Onu e Stati Uniti condannano i nuovi insediamenti a Gerusalemme est
Unanimi reazioni negative all’annuncio del Ministro degli interni israeliano, arrivato mentre il vicepresidente americano è ospite del Paese per tentare di rilanciare il processo di pace. Anche all’interno di Israele giungono critiche: per Kadima è “un nuovo record della stupidità diplomatica”. I palestinesi chiedono una reazione concordata da parte dei Paesi arabi.
Gerusalemme (AsiaNews/Agenzie) – Kadima, partito moderato, l’ha definito “un nuovo record della stupidità diplomatica”, il ministro della difesa Euhd Barak, ha fatto sapere di essere “arrabbiato”, il ministro del welfare, Isaac Herzog, ha parlato di “grande errore”. Sono alcune delle razioni interne in Israele alla decisione del ministro degli interni e vice-premier Eli Yishai - del partito della destra religiosa Shas - di consentire la costruzione di 1.600 nuove abitazioni a Ramat Shlomo, un insediamento di ebrei ultra-ortodossi alla periferia di Gerusalemme est.

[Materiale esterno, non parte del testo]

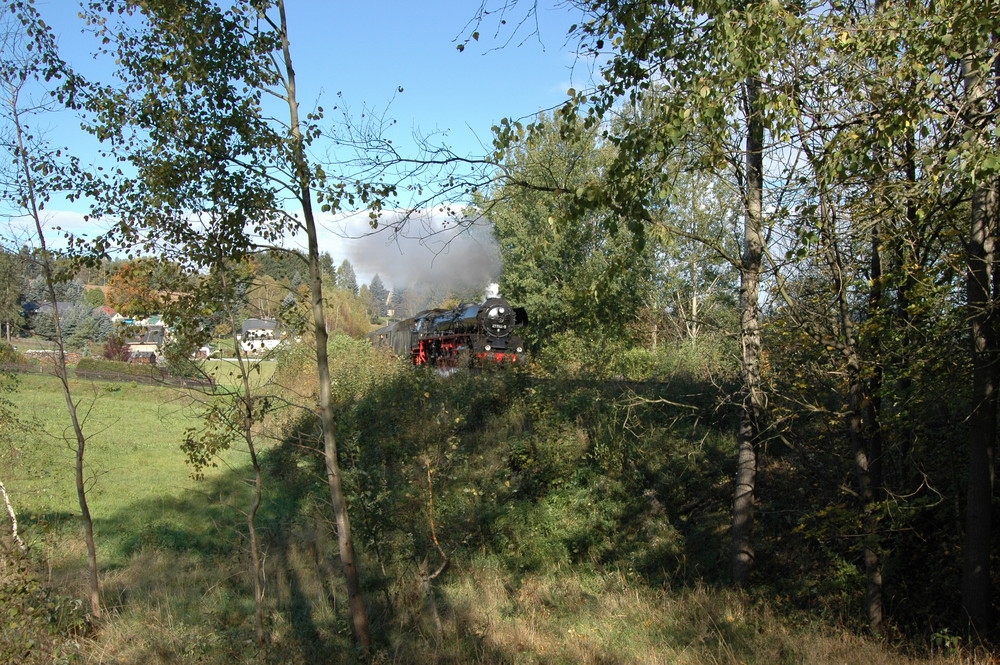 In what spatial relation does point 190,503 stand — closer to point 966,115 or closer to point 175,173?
point 175,173

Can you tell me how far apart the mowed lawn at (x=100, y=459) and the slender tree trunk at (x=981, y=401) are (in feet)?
25.7

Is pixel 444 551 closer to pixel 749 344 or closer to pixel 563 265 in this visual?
pixel 749 344

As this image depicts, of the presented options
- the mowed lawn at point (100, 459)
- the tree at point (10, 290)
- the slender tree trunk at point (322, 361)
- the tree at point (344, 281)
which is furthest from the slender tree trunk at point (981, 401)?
the tree at point (344, 281)

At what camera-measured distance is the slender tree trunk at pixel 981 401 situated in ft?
18.5

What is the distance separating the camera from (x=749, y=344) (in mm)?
7719

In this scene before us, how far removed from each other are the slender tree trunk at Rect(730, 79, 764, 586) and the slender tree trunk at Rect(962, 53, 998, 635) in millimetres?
1796

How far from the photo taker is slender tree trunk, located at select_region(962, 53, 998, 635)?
5.63 m

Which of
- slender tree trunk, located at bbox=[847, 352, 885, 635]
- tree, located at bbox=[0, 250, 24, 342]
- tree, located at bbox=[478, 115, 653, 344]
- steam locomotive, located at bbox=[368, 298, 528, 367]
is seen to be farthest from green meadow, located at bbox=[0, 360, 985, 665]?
steam locomotive, located at bbox=[368, 298, 528, 367]

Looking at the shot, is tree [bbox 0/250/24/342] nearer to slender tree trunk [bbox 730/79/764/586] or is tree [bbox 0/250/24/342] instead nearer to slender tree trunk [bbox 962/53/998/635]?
slender tree trunk [bbox 730/79/764/586]

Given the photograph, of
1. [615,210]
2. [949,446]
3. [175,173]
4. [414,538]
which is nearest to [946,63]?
[615,210]

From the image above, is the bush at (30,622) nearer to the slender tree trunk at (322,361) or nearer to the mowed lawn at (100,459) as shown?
the mowed lawn at (100,459)

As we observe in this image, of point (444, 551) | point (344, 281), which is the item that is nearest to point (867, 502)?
point (444, 551)

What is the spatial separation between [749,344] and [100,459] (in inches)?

Le reazioni di membri laburisti del governo israeliano si uniscono a quelle che ieri hanno visto l’esplicita condanna della decisione di Yishai da parte del segretario generale dell’Onu, Ban Ki-moon, e la protesta del vicepresidente degli Stati Uniti, Joe Biden, che da lunedì è in Israele per tentare di rilanciare il processo di pace. Il primo ha anche ricordato che “per la legge internazionale gli insediamenti sono illegali”, mentre Biden ha dichiarato che “la sostanza e la scelta di tempo dell’annuncio, fatto in prossimità dell’avvio dei colloqui, è esattamente il tipo di passo che mina la fiducia della quale ora abbiamo bisogno”.
Molto dura, come prevedibile, la reazione dei palestinesi, con il portavoce del presidente dell’Anp, Nabil Abu Rudeineh, che ha parlato di “provocazione” e ha chiesto agli Stati Uniti ”rispondere con misure concrete”.
E’ proprio la presenza di Biden in Israele (nella foto: con Netanyahu) a rendere politicamente infelice la decisione del governo Netanyhau. Che al vicepresidente americano ha detto di non aver avuto notizia della decisione del suo ministro prima che venisse annunciata, assicurandolo che “nessuno sta cercando di creare imbarazzo o minare la sua visita”. Ma un consigliere comunale di Gerusalemme, Meir Margalit, afferma che, al contrario, “la scelta di tempo non è casuale. E’ la risposta di Eli Yishai alla dichiarazione di Netanyahu sui nuovi colloqui con l’Autorità palestinese”. E “il fatto che Yishai non ha voluto aspettare qualche giorno dopo la partenza di Biden prova che il suo obiettivo era proprio quello di dare uno schiaffo in faccia all’amministrazione Usa”.
Da parte palestinese, nel giorno nel quale Biden incontra il presidente dell’Anp, Mahmoud Abbas, da un lato ci si chiede se “il governo israeliano non vuole la pace, non vuole una soluzione?”, dall’altro si fa sapere che lo stesso Abbas ha telefonato al segretario della Lega araba, Amr Moussa, per chiedergli di informare i Paesi arabi per dare una risposta concertata al programma di edificazioni.
La missione di Biden in Medio Oriente è mirata a “colloqui indiretti” tra Israele, palestinesi, Giordania ed Egitto per far ripartire un processo di pace fermo ormai dal 2008. All’azione del vicepresidente dovrebbe dar seguito l’inviato speciale degli Stati Uniti per il Medio Oriente, George Mitchell, l’arrivo del quale è previsto per la settimana prossima. Le trattative dovrebbero affrontare le questioni chiave del contrasto, dai confini alla sicurezza, dagli insediamenti allo status di Gerusalemme, ai rifugiati e, secondo quanto detto da Mitchell, “andare avanti per tutto il tempo necessario”.